Kambing itu asyik mengunyah potongan daun randu dengan lidah yang senantiasa bergerak ke kanan dan ke kiri. Kambing abu-abu itu berdua, antara induk dan anaknya, yang sesekali mengembik tanda bergembira. Anak kambing sesekali mengeluarkan kepalanya untuk meloncat ke sana dan ke mari. Induknya membiarkan begitu saja karena mungkin sudah tahu bahwa bergerak untuk anaknya merupakan sebuah kebutuhan. Aku asyik memperhatikan kambing itu dengan mencoba memegang hidung kambing. Anehnya, kambing itu diam saja seakan menambah keasyikannya mengunyah daun randu segar.
“Ingin memelihara kambing ya”, kata Mbok Siti sambil menambahi dedaunan (bahasa Jawa: rambanan).

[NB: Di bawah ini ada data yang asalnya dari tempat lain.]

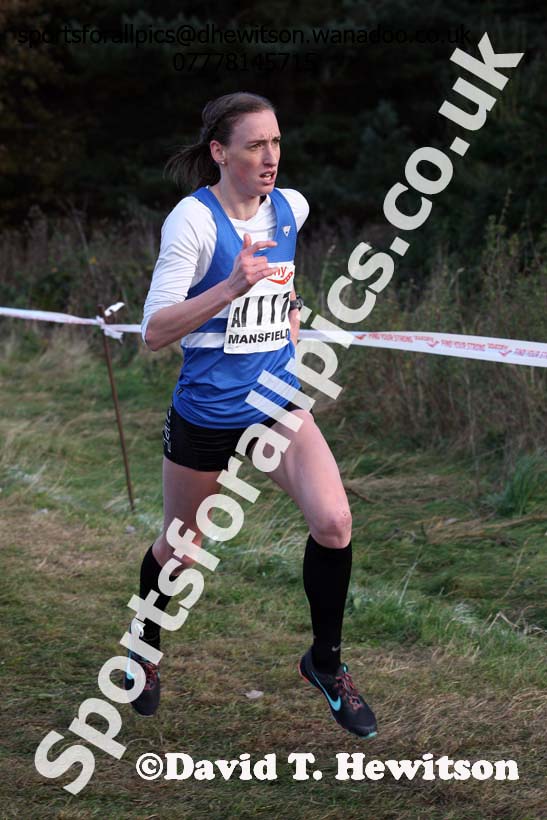 Senior women, 2016 National Cross Country Relays, Berry Hill Park, Mansfield. Photo: David T. Hewitson/Sports for All Pics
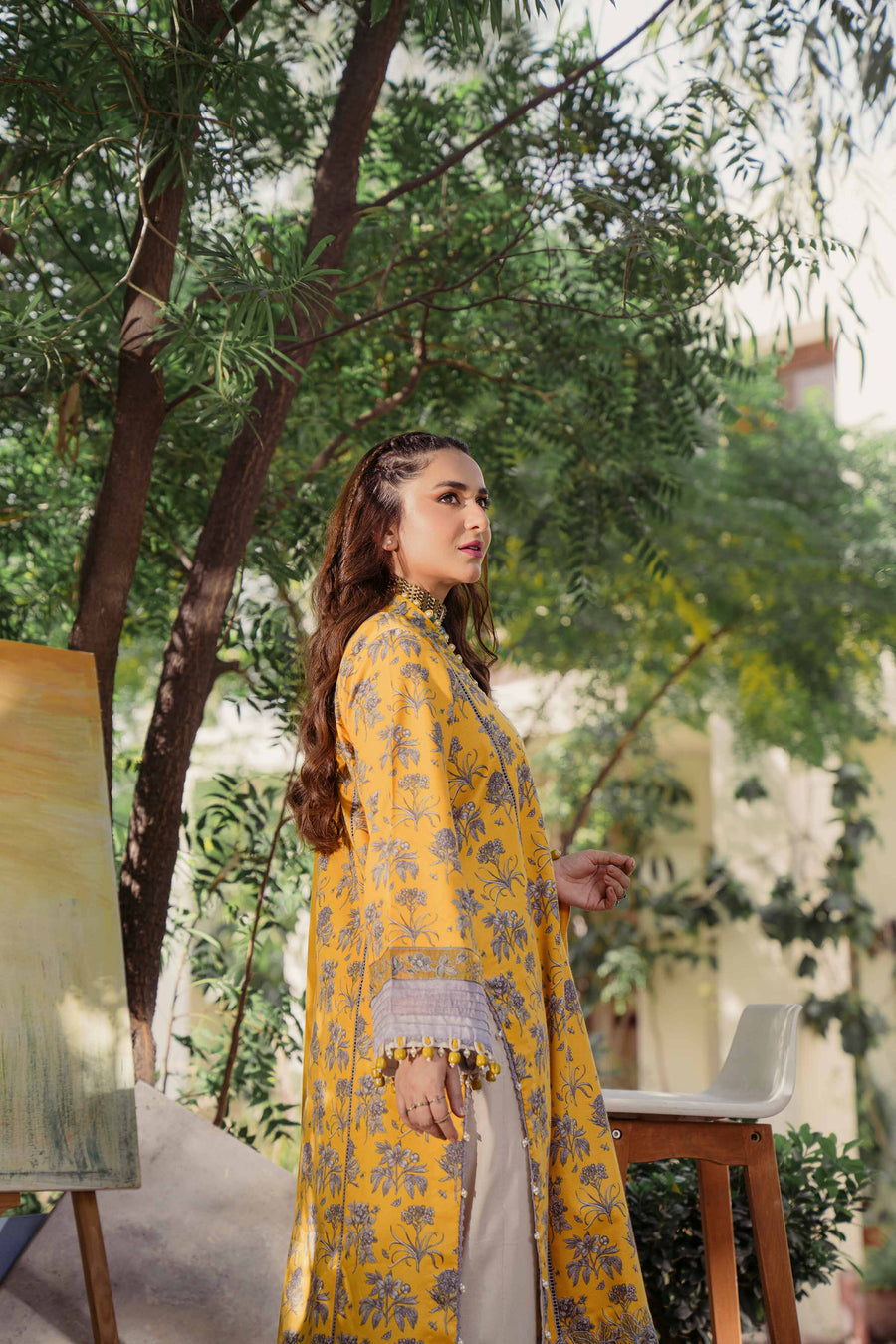 Nishat Sunehray Din Embroidered Karandi Unstitched 3Pc Suit - 42303076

“Maunya sih, Mbok. Tapi, enggak kok, Mbok. Hanya aku terheran dengan keasyikan induk dan anaknya dalam mengunyah daun randu ini”, jawabku sambil menunjukkan potongan daun randu yang masih utuh.
“Itulah kekuatan cinta dari induk ke anaknya dan dari anak ke induknya”, kata Mbok Siti sambil menunjuk kambing-kambing itu. Begitu pula, guru dengan muridnya harus dinaungi kekuatan cinta yang berhubungan secara timbal balik. Kekuatan cinta tidak dapat muncul begitu saja tanpa ada usaha dari guru dan mereaksi dari murid. Rupa usaha guru yang menjadi peluang terbentangnya cinta adalah kesederhanaan, kasih sayang, dan keikhlasan. Kesederhanaan memberikan kemudahan murid menerima kehendak guru dan guru mudah mendapatkan keinginan dasariah dari seorang murid. Kasih sayang memberikan jalan berupa suasana ketulusan antara dua insan yang saling menerima dan memberi. Kemudian, keikhlasan merupakan penembus keberterimaan tanpa halangan apapun dari yang memberi untuk yang menerima.
“Modal dasar guru hanyalah kesederhanaan, kasih sayang, dan keikhlasan, anakku”, ulang Mbok Siti sambil mengangguk tanda menegaskan. Aspek lainnya hanyalah pengikut yang memberikan kelengkapan menuju kesepurnaan tugas mulia seorang guru.